あえて子どもに求める「成果主義」 少年野球のカリスマ・辻正人監督の“時代先取り”指導
選手絞り込みの基準は「実力」 保護者に左右される練習参加率は不平等
コーチからの提案に、おおむね同意した。ただ1つ、選手の絞り込みで「やる気」を判断基準にすることへの疑問が残った。チームが自由参加にしている平日練習に参加したり、土日の練習開始時間より早く来て体を動かしたりする選手が必ずしも、やる気があるとは限らないからだ。

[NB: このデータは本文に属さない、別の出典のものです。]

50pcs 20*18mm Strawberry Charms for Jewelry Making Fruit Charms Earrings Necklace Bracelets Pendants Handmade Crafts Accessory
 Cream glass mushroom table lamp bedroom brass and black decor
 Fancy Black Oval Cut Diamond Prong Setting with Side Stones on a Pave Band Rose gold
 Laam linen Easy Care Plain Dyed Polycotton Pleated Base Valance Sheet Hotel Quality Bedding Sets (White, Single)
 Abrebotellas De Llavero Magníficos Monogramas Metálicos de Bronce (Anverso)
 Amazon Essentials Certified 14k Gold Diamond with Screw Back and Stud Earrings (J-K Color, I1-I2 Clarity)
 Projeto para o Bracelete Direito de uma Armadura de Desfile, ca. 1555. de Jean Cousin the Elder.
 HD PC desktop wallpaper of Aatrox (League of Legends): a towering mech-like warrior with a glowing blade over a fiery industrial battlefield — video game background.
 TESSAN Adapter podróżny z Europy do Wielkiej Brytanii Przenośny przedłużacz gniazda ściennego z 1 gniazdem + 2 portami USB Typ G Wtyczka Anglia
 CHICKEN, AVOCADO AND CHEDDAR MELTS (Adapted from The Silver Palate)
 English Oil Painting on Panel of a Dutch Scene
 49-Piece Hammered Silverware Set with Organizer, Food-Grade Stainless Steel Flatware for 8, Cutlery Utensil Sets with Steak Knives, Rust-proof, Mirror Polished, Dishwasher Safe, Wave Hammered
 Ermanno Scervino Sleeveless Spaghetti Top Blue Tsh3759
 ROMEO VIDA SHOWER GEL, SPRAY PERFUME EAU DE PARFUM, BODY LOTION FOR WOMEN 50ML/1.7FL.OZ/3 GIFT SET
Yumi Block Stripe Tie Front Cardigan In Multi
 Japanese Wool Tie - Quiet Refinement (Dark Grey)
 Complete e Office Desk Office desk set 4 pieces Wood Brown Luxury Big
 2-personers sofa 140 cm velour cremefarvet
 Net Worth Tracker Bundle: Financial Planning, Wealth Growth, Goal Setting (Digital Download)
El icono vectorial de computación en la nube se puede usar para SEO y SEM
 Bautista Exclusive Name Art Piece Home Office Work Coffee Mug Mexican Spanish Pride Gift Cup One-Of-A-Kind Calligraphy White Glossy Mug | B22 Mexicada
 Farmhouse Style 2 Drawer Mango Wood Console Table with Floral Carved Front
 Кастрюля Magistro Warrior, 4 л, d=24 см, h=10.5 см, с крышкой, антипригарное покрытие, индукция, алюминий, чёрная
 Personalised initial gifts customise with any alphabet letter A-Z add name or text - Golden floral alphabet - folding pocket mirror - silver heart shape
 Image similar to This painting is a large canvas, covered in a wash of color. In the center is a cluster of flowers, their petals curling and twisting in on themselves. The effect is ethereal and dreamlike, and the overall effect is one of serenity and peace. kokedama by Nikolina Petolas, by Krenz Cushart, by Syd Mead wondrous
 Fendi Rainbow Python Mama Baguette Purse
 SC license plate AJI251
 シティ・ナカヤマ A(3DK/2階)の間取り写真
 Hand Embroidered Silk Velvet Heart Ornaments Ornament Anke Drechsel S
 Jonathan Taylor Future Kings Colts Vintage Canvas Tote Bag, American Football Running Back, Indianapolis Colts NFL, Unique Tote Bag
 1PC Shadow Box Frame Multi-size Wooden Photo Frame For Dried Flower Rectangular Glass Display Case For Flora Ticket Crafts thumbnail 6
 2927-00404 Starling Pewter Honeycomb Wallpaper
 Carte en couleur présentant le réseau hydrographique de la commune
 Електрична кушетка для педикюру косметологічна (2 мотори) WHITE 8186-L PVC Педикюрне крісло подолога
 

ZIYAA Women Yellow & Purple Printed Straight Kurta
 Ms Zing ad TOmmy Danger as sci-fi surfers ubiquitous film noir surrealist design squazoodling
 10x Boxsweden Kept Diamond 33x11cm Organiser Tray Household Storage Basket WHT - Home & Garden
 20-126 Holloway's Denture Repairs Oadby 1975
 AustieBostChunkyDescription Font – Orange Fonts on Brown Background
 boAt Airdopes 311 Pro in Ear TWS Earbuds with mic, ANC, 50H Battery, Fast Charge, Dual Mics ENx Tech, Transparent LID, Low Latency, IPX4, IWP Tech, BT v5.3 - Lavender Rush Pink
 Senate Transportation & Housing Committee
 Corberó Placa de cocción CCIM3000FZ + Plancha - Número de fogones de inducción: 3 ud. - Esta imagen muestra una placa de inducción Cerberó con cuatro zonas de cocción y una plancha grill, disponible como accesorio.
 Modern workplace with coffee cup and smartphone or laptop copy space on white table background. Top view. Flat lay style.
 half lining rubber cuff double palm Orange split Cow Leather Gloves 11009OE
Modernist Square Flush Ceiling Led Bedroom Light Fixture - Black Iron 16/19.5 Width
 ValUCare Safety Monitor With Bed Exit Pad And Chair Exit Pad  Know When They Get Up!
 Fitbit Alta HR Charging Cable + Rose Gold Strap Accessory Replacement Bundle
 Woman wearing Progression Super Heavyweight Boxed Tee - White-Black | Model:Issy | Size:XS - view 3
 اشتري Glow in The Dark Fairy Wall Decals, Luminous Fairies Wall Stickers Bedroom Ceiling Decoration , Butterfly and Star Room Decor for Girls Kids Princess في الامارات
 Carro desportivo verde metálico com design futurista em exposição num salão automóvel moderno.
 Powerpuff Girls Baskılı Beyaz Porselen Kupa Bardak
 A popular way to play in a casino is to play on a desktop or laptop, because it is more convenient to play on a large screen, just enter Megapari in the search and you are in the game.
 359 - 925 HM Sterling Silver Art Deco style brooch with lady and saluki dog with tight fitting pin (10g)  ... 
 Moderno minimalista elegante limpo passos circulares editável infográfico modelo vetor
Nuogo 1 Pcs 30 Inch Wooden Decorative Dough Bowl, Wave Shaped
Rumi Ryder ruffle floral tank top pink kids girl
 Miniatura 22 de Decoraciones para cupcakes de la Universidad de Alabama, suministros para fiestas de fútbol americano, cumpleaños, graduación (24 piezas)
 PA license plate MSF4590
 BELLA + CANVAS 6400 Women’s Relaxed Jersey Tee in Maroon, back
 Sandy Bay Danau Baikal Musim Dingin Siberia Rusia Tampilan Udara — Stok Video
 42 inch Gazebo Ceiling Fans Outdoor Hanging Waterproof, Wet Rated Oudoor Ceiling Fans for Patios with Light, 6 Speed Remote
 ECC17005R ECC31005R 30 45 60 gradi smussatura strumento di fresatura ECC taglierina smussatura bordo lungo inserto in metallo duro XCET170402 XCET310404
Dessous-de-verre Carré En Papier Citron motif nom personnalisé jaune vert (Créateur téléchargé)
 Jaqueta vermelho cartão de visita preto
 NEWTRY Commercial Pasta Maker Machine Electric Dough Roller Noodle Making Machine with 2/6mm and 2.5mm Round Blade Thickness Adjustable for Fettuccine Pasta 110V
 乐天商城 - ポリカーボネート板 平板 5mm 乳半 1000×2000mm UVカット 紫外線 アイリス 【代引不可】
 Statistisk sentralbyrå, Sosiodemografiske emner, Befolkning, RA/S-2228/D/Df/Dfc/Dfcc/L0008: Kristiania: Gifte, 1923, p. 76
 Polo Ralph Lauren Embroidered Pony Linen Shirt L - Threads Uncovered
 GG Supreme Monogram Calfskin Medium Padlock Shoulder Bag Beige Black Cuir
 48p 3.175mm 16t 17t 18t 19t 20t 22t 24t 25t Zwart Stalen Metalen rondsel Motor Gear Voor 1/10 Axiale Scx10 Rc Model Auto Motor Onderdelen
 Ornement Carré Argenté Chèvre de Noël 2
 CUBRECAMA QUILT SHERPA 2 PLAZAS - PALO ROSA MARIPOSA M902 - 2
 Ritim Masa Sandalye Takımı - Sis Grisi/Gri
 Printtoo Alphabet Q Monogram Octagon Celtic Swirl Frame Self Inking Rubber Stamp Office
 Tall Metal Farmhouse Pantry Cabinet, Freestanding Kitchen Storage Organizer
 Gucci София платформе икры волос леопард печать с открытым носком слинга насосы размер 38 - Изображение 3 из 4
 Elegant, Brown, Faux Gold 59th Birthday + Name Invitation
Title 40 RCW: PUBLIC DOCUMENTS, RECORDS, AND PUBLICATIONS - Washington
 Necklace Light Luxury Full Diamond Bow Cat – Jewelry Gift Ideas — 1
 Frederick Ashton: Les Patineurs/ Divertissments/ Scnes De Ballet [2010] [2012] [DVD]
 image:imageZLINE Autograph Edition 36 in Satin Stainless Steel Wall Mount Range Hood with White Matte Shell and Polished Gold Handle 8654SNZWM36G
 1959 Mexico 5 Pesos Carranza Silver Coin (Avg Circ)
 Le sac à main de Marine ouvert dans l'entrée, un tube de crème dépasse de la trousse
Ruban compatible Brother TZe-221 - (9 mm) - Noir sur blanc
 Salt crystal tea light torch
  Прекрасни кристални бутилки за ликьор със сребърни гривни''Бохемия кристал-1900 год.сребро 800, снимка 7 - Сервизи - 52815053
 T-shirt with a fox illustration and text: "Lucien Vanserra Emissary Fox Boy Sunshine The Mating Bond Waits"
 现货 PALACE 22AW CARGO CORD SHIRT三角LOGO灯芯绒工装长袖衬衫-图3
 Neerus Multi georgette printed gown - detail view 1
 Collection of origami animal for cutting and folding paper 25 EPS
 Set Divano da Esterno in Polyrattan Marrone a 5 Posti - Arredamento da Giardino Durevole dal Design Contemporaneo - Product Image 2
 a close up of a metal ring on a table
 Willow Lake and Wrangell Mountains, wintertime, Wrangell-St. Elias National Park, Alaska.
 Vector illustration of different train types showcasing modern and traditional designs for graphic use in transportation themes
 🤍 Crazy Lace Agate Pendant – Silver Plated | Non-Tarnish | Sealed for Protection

「子どもたちがグラウンドに来るには、保護者の送迎が必要になります。練習参加は子どもたちの意思だけではなく、保護者の事情に左右されます。練習に来ていなくても、家で努力している選手もいるはずです。やる気を基準にするのはフェアではありません」
選手に序列をつける基準を「実力」とした。極めてシンプルに、練習や試合で発揮するパフォーマンスだけで選手の力を評価する。コーチ陣は実力主義に納得した。だが、強く反対した指導部のスタッフがいた。女性マネジャーだった。
クラブの指導部に保護者はいない。この女性マネジャーは、かつて息子がチームに所属しており、息子が中学生になってから辻監督に「力を貸してほしい」と協力を求められていた。母親目線から、序列をつけた実力主義のチーム作りに猛反対したという。辻監督は繰り返し自身の考え方を説明した。
「女性マネジャーからは、Aチームに入れず、やる気を失う保護者が出ていくると言われました。でも、序列がない時代だからこそ、はっきり序列をつけようと説得しました。自分の位置を知ることで頑張れる。傷ついてやる気を失ってしまうのであれば、活躍できる他のチームに移ってもらおうと伝えました」
最終的に女性マネジャーは首を縦に振った。これまで6年生を中心にしたチームは20人で構成していた。週末に練習試合を1日2試合組むと、1試合目はレギュラー、2試合目は控えメンバーが主に出場していた。今はAとBの2チームに分けて1日2試合ずつ消化しているため、全ての選手の試合経験が倍増している。